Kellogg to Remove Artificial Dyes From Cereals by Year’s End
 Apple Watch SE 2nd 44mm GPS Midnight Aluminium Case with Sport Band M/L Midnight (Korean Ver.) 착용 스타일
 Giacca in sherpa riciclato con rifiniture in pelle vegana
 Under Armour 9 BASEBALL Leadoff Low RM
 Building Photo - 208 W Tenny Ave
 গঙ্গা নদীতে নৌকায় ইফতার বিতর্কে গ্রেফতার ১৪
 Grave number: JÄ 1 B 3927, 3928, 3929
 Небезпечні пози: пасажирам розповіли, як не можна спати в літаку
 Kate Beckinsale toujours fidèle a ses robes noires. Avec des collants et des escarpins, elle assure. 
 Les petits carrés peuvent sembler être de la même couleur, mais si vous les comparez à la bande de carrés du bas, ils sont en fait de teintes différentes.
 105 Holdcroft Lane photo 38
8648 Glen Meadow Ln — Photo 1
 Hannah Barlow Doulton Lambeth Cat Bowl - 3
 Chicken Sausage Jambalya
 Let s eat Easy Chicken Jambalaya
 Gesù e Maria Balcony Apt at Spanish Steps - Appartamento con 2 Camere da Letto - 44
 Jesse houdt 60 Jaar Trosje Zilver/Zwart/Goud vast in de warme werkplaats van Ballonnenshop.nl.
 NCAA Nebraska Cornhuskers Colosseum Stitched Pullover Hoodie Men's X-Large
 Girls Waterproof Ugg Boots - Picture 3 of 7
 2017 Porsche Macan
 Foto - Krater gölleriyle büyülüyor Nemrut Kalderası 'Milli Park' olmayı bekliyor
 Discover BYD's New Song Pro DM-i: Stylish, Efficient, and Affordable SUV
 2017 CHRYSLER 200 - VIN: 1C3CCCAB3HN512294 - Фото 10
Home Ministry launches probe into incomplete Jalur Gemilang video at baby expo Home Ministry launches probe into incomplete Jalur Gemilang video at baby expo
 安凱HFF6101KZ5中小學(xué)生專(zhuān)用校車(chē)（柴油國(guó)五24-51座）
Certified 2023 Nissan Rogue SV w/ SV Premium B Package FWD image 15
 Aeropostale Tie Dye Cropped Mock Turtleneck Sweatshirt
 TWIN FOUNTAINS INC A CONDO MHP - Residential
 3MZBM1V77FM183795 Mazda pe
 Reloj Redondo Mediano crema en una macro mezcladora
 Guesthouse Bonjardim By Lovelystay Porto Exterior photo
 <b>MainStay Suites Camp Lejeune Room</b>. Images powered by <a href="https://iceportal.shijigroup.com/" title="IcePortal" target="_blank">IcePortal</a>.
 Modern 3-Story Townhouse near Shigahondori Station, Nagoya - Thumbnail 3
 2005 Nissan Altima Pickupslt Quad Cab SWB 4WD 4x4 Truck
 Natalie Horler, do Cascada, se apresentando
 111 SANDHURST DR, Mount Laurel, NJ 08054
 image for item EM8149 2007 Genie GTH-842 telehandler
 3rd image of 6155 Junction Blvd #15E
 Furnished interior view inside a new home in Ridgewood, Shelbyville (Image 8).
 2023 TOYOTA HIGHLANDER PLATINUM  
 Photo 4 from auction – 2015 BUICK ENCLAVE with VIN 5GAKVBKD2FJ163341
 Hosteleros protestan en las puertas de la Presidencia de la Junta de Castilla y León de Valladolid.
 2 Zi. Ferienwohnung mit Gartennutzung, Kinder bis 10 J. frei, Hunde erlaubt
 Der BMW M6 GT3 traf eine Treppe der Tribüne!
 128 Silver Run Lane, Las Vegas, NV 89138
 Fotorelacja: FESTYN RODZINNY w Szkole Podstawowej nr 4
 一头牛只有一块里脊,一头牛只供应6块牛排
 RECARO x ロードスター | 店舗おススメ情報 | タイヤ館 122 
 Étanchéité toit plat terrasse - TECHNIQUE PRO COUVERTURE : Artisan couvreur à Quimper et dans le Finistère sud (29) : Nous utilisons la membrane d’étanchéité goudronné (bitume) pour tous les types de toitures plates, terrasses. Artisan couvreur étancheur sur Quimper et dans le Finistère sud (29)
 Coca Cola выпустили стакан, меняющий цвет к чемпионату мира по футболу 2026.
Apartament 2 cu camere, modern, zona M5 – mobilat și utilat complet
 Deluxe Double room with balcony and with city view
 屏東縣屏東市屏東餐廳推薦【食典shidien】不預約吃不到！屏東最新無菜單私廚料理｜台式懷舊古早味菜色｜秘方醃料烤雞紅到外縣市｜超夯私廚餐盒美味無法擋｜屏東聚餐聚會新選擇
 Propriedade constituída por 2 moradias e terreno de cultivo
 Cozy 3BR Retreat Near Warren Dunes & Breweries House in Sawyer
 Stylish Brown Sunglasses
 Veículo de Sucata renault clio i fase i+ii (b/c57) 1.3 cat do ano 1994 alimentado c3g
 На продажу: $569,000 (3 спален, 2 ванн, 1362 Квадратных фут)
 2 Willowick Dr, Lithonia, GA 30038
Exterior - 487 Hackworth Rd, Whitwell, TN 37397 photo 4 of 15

> _What the task asks_
Each line from the beginning of the listing up to the line where "Certified 2023 Nissan" appears needs to be given again exactly; please add nothing else.

> _Answer below_
Kellogg to Remove Artificial Dyes From Cereals by Year’s End
 Apple Watch SE 2nd 44mm GPS Midnight Aluminium Case with Sport Band M/L Midnight (Korean Ver.) 착용 스타일
 Giacca in sherpa riciclato con rifiniture in pelle vegana
 Under Armour 9 BASEBALL Leadoff Low RM
 Building Photo - 208 W Tenny Ave
 গঙ্গা নদীতে নৌকায় ইফতার বিতর্কে গ্রেফতার ১৪
 Grave number: JÄ 1 B 3927, 3928, 3929
 Небезпечні пози: пасажирам розповіли, як не можна спати в літаку
 Kate Beckinsale toujours fidèle a ses robes noires. Avec des collants et des escarpins, elle assure. 
 Les petits carrés peuvent sembler être de la même couleur, mais si vous les comparez à la bande de carrés du bas, ils sont en fait de teintes différentes.
 105 Holdcroft Lane photo 38
8648 Glen Meadow Ln — Photo 1
 Hannah Barlow Doulton Lambeth Cat Bowl - 3
 Chicken Sausage Jambalya
 Let s eat Easy Chicken Jambalaya
 Gesù e Maria Balcony Apt at Spanish Steps - Appartamento con 2 Camere da Letto - 44
 Jesse houdt 60 Jaar Trosje Zilver/Zwart/Goud vast in de warme werkplaats van Ballonnenshop.nl.
 NCAA Nebraska Cornhuskers Colosseum Stitched Pullover Hoodie Men's X-Large
 Girls Waterproof Ugg Boots - Picture 3 of 7
 2017 Porsche Macan
 Foto - Krater gölleriyle büyülüyor Nemrut Kalderası 'Milli Park' olmayı bekliyor
 Discover BYD's New Song Pro DM-i: Stylish, Efficient, and Affordable SUV
 2017 CHRYSLER 200 - VIN: 1C3CCCAB3HN512294 - Фото 10
Home Ministry launches probe into incomplete Jalur Gemilang video at baby expo Home Ministry launches probe into incomplete Jalur Gemilang video at baby expo
 安凱HFF6101KZ5中小學(xué)生專(zhuān)用校車(chē)（柴油國(guó)五24-51座）
Certified 2023 Nissan Rogue SV w/ SV Premium B Package FWD image 15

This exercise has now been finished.